Attorney Gouger explained the process, which involves obtaining the deeds of dedication as the first step. Secondly, the county road superintendent would need to recommend to the MCC that the road be included on the list of county roads. He clarified that this recommendation does not obligate Pickett to pave the road but simply to propose its addition to the list. The third step involves the MCC approving the recommendation.

Commissioner Morrison sought clarification on whether the road could be added even if it did not meet Pickett’s specifications, just to facilitate the process of updating it. Attorney Gouger emphasized the need to acquire the deeds of dedication first, while Corey Pickett indicated that substantial work would be required to meet the specifications. Pickett also clarified to the commissioners that their team members are not builders and are only capable of maintaining roads. In response, Commissioner Morrison expressed frustration and questioned whether they would continue to engage in this back-and-forth indefinitely rather than reaching an agreement to assist the citizens of the county.

Commissioner Steven Franklin intervened, noting that the process had been ongoing for over three years and was initiated during the tenure of the previous superintendent. He emphasized that all agreements from property owners must be signed before the board can proceed and expressed concern about potential legal liability if proper procedures were not followed. Commissioner Franklin reiterated his belief in the necessity of the road as an alternate route but emphasized the importance of adhering to legal requirements and avoiding any violations.

Commissioner Morrison suggested exploring alternative options if some deeds of dedication could not be obtained or if property owners refused to sign. Chairwoman Linda Mason then requested Attorney Gouger to elaborate on potential courses of action. Attorney Gouger clarified that seizing the property through eminent domain would be the sole option in such circumstances.

In response, Pickett reiterated that he would be content if the road met their maintenance specifications. Chairwoman Mason proposed that if the deeds of dedication could be acquired, the board could contract a road building company to complete the necessary work as outlined by Pickett.

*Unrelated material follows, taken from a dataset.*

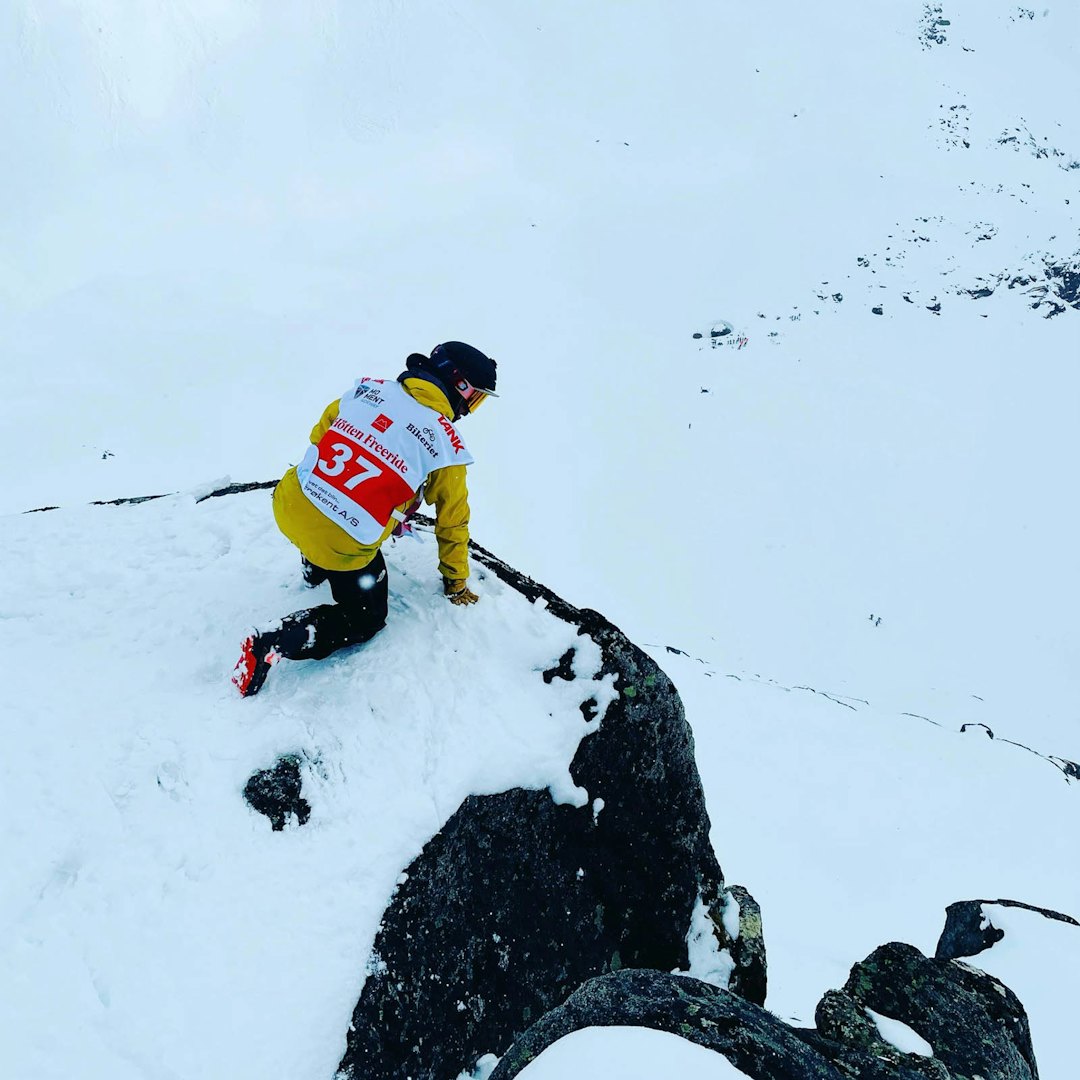 FACECHECK: En deltaker sjekker facen før konkurransen. Foto: Høtten Freeride Høtten Freeride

Commissioner Morrison reiterated that they could not allocate funds for a contract concerning property they did not own. Chairwoman Mason acknowledged this point and stressed the importance of making progress with the deeds of dedication. She stated that if they could not obtain the necessary deeds, the board would need to make a decision regarding their next steps.

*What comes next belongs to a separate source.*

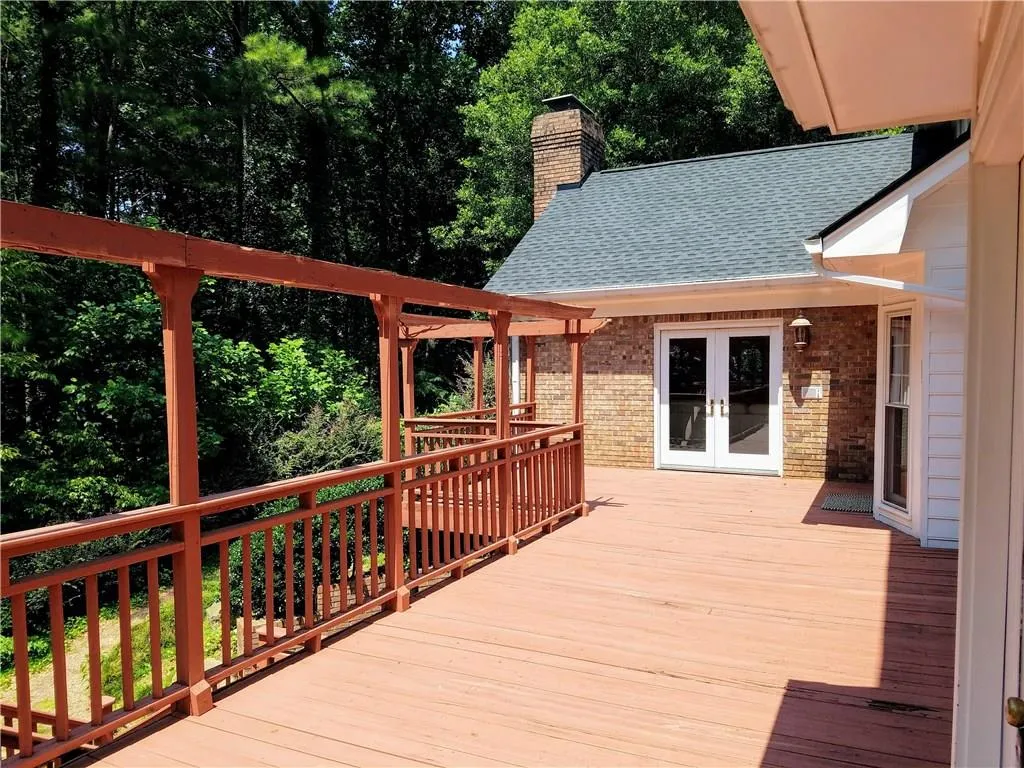 7420 Crompton Court N, Atlanta, Georgia 30350, 6 Bedrooms Bedrooms, ,5 BathroomsBathrooms,Residential,Sold,7420 Crompton Court N,5882694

Commissioner Blansett proposed forming a committee to explore the costs associated with road construction, monitor progress on acquiring deeds of dedication, and ensure the issue is pursued until resolved. Commissioner Paul Schafer seconded the motion, which was unanimously approved by the board.

Chairwoman Mason requested volunteers for the committee and emphasized the importance of including representatives from the fourth and fifth districts, with particular emphasis on the fifth district due to its specific relevance. Commissioners Schafer and Abbott volunteered to join the committee, representing the respective districts. They will be responsible for overseeing the progress and ensuring the issue is pursued until resolved. Attorney Gouger offered to meet with the committee at a convenient time for all members to provide updates on the progress and current statuses of the various aspects of the project.